Ella se ríe de todo lo que dice. Allá vamos. Sobre la muerte, sobre su padre, sobre el dinero, sobre el sexo en esa película de…, sobre lo que dijo a un amigo la noche anterior. Callaba lentamente, por palabras: quiero, soy, busco, era, ventana, piedra, loco, quince, sueño, cintas, madrugadas, peluquerías cielo, pobres, juego, humanidad, Londres, Paris, Maracay, Mérida, Ocumare, llegamos, bájate. El Dios de la playa es un tatuaje, y los tatuajes se comportan como arboles, como olas y como pájaros que sólo podían ser vistos por mujeres negras que lamen a los hombres blancos con los ojos esclavos de un paraíso amarrado por cámaras fotográficas del pasado. Las cámaras fotográficas son racistas. Caminábamos hacia la playa, sus zapatos eran rosados, ella prefirió llevarlos puestos sin importar el regreso; mis zapatos eran de hombre, cuero italiano negro azulado, por prudencia, preferí dejarlos en el carro y llevar mis pies desnudos y nerviosos, paso a paso con  todo aquello que podía acercarse a mi corazón, ese coagulo de lápiz labial que a ella le faltaba en su rostro pálido de virgen de la Coromoto. Mis pies y su rostro eran lo único que me atrevía a ver mientras una mujer con traje de baño negro jugaba vóleibol con sus amigos que fumaban y saltaban al mismo tiempo. Caminábamos tan despacio que cada grano de arena coincidía perfectamente con la imagen de la ciudad, la imagen de esos apartamentos, esos pasillos vacíos, esas calles y esas escaleras que repetían nuestros nombres una y otra vez como burlándose del mar un millón de veces. Ella dijo: Una vez le dije a mi papá: papi, quiero cambiarme las orejas, la nariz y los pechos. “No es prioridad”, me dijo. Y yo le dije: Es cierto. Siempre he sabido qué hacer, pero nunca lo hago, ¿sabes por qué? – continuó–, porque ya sé lo va a decir mi padre y todos aquellos que morirán primero que yo. Siento asco que los muertos me toquen–.

Una hora después me dijo que quería llorar, que su madre la esperaba con las mismas preguntas, sin puentes, sin canciones, con los años.

El Sol alcanzaba a la últimas gaviotas de la tarde, el viento mezclaba mis pasos con más viento, una niña que jugaba levantó la mano como lo hace en la escuela, una negra me miró la frente; y de repente, allí estaba, las mismas palabras, las mismas líneas, las mismas oraciones, los títulos de aquellos cuentos por la intuición de la gaviota. Me concentré en sus caderas indiferentes, leía los anuncios publicitarios de los comerciantes locales: “Se hacen masajes”. Leía lo que escuchaba, leía el espacio: Paraguas, paño, hotel, silencio. Leí la comisura de sus labios y aprendí que no podré escribir una sola línea que valga la pena si no soy honesto, y sólo hay una manera de ser honesto, (lo mismo le dije a ella): Vivir, dar.

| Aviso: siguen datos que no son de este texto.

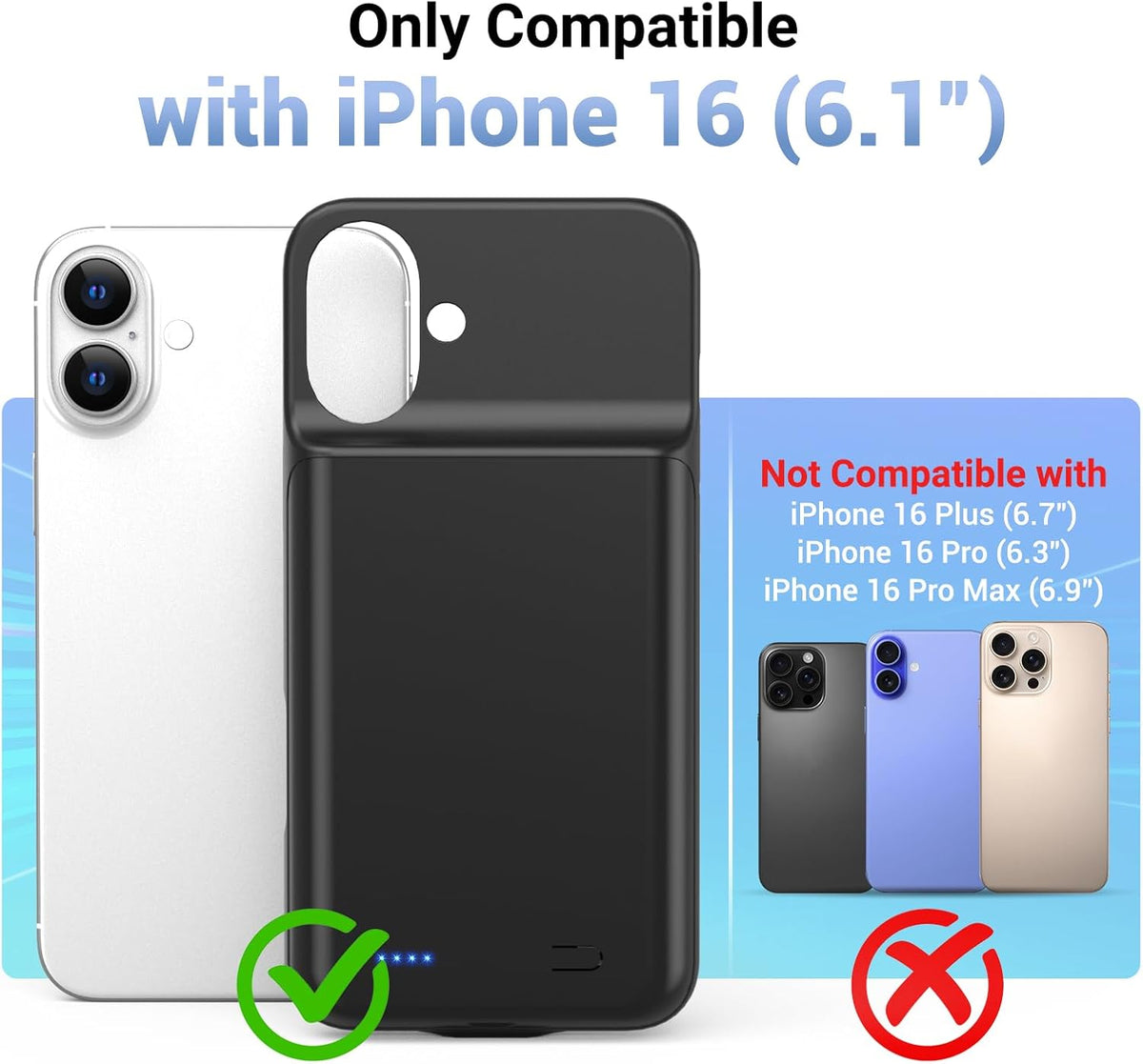 Battery Case for iPhone 16, [2026 Upgraded] 7000mAh Ultra-Slim Portable Charging Case Rechargeable Extended Battery Pack with Tempered Glass Screen Protectorfor iPhone 16 (6.1inch), Black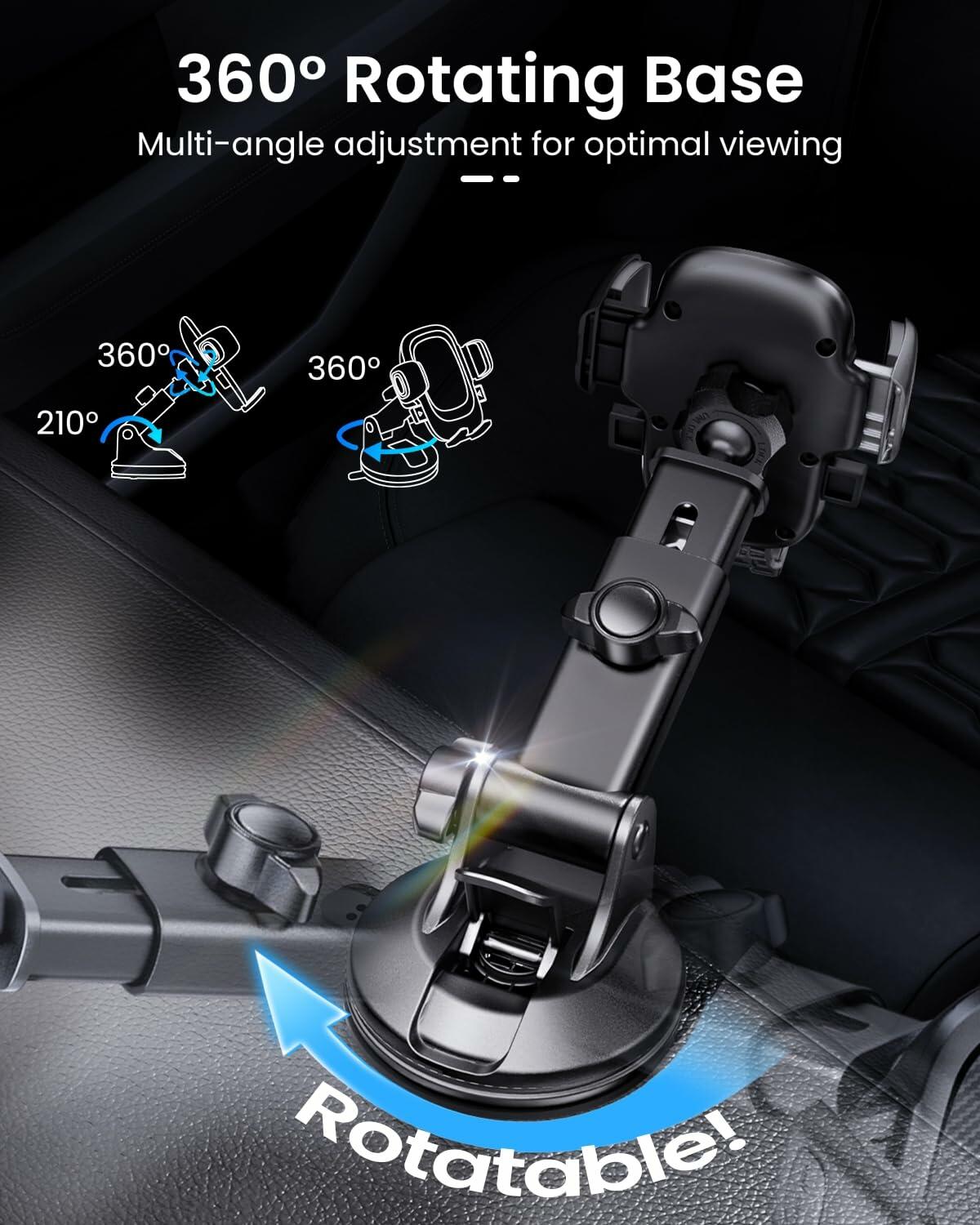 REEVAA Military-Grade Car Phone Holder Ultra Stable Sturdy Black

Dar como verse en un espejo, como si probáramos besándonos, –pensé.

Recibir y revivir son sinónimos jamás encontrados, siempre lo fueron, pero ahora, después de tanto, serán el fin de sólo mirar, –pensé y otra vez vi a la niña levantar su mano hacia el cielo.

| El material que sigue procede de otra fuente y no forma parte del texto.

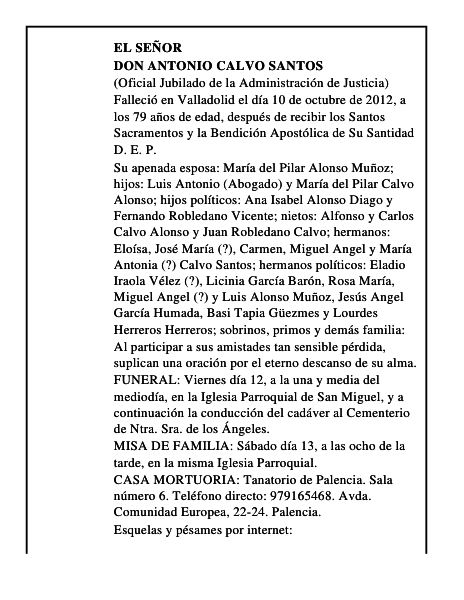 Don Antonio Calvo Santos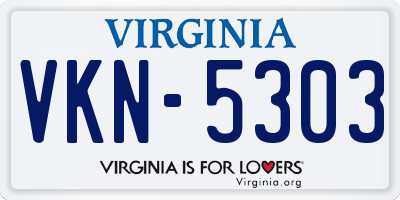 VA license plate VKN5303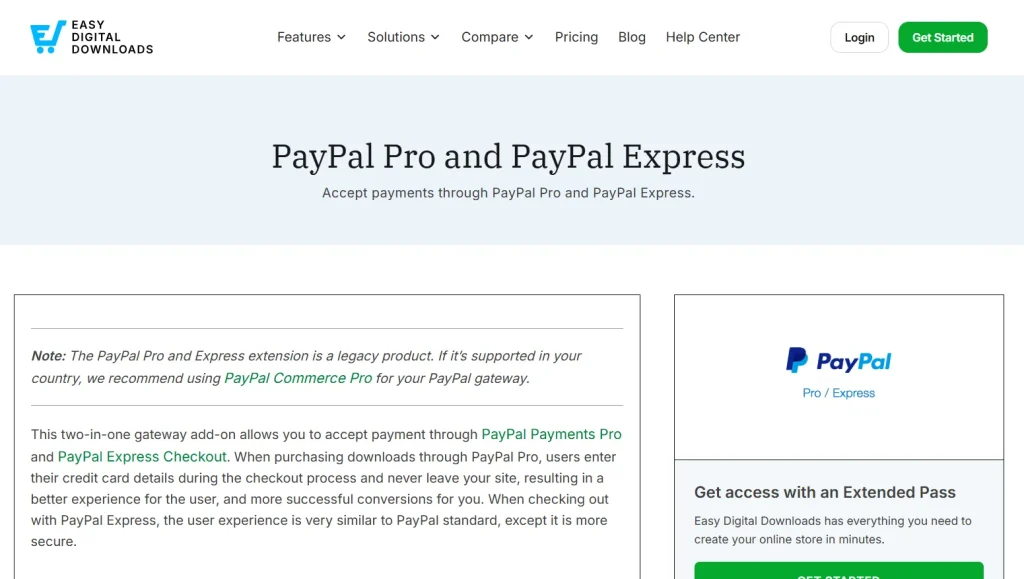 Easy Digital Downloads PayPal Website Payments Pro and PayPal Exp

Esperaste que lo escribiera sobre la arena. No se me da lo cursi por la misma razón que no se me da la suerte, pero lo dije: Acércate. No escuchaste.

Ni una sola fotografía, –dijimos al mismo tiempo. Reímos como imitando la indiferencia de sus caderas.

¡Por fin algo que escribir! El comienzo, sólo el comienzo, una playa que me separa de lo que siempre sucede y unas primeras tres páginas para ver cómo me quedan los diálogos.

Llegamos. Debí lanzarte al mar –le dije–, hacerte reír de verdad, con la vida, con más.

–Sí…, y tal vez te levantes a las tres de la madrugada, riendo, porque lo soñaste–.